Here is the result: All the red circles were failures. Right side circles was chain bunching. After bungee, instant fix and perfect square cut. Love it!
For the price of a 10 foot 4x4 you could get a 10 foot piece of unistrut (or the big box store equivalent). No worries about twisting, much lighter weight.
Yeah I guess that makes the most sense. Looked at a few of the uni strut designs on here. Appears easy to mount motors with bolts and washers as most people have it in a configuration with slots on the top and bottom.
But I didn’t see any wooden frames (let alone Bar’s Bolt together) with just a metal top beam. If you have seen pictures of any on here please share. Otherwise I may just have to hash this out with a bunch of L brackets
You can check out mine here
It’s wall mounted, but it would certainly be easy enough to adapt to have legs
What I am planning to do is to use a pair of 2484 bracket attached to the legs
with short (1’ or less) lengths of unistrut across the top of these, with the
unistrut top beam attached to the short lengths.
This will let me eaily adjust how far out from the frame the top beam is to
handle different material thicknesses (I want to be able to work on both sheets
of aluminum, and the edges of 2x4s)
You guys are much further along than me, so thank you for sharing and giving direction. I used a washer to shim up my right motor. Checked both motors and sled angles, all measure 15 degrees. No noticeable chain Riding or Skipping when moving. Sidebar: Previously cut circle on top left measured 13 3/8 by 12 3/4. Today’s circle cut in bottom middle measured 13 1/4 by 13 1/4
You sir, are a genius. That is exactly what I needed to fix the flex issue on my top beam. I ran out this morning and picked up a length and installed it.
You are so right. Cutting in the very top middle, my ~30" bungee that resolved lower issue was now not tight enough to keep tension. Not sure if @bar is still using new paracord so I will be switching this maslow to pulleys and weights like our other maslow, except routing behind in middle.
I am still using the new thicker cord.

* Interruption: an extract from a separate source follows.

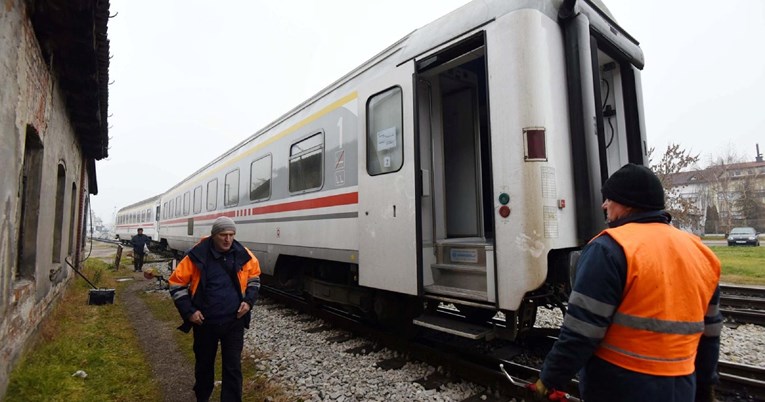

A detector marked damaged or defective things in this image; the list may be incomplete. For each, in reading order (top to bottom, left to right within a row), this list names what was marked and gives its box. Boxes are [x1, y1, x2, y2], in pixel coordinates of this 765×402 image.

peeling plaster wall [0, 0, 89, 396]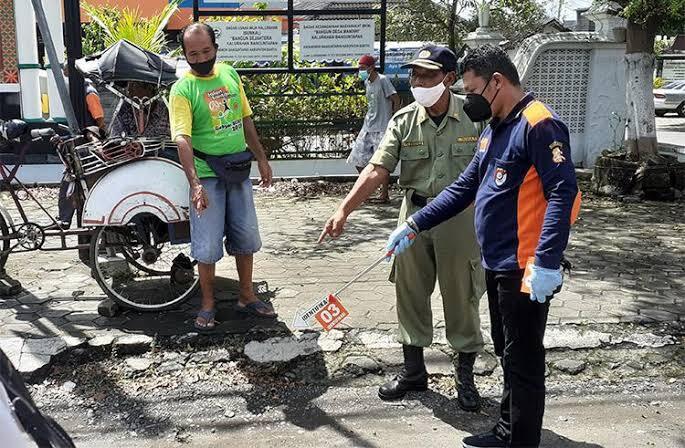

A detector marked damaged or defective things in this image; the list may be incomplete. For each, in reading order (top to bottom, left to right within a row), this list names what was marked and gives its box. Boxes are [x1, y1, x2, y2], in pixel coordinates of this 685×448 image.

broken concrete slab [244, 332, 322, 364]
broken concrete slab [544, 326, 612, 350]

I haven’t had any issues, but I will keep a closer eye on it at the top center
ChuckC, If you are still looking for a timber frame with unistrut top bar, check this out,
I copied it and it works really well, Handy to have some sheet storage behind!
Used a bit of bungee, cut and just zip tied to length.
And a couple of idle cogs.
No chain skip.
Works perfect (for now) ha
for those people using weights, how heavy do you need to go to get the chain under control?
you really don’t want to have to go heavier than the tension on the chain (around 3 pounds), is that enough to keep the chain under control?
@dlang if chains are in perfect condition, pulleys spin freely, rope not dragging on anything to cause friction, not using too many pulleys: about 5lbs for each chain. If any links have imperfection and “stick” sometimes, increasing weight to 9lbs completely eliminates problem.
I have about 20 cutting hours on current counter weight setup with our wood Maslow, not 1 skip. Happy to report it has worked so well, we started adding same system to our metal Maslow
(Only outstanding issue is bottom corners, work in progress)
hmm, since the tension on a stock system is only just over 3 pounds, this means
that you are going through 0 tension and backlash comes into play in the bottom
going to a 12’ beam increases this minimum force to 6.4 pounds so the 5 pound
weight would work and avoid this problem.
What is the length of the new 3/16" bungee you are using?
I believe that they are 145cm
Has anyone modified the bolt through design for a unistrut top beam yet? I need to do it relatively soon, and I just wanted to check and see if anyone has a hardware list.
For those using the plastic spacer on the motor mount to keep the chain tight to the sprocket can you tell me what length of scew bolt you used to attach the spacer to the motor through the motor mount. Thanks if you can.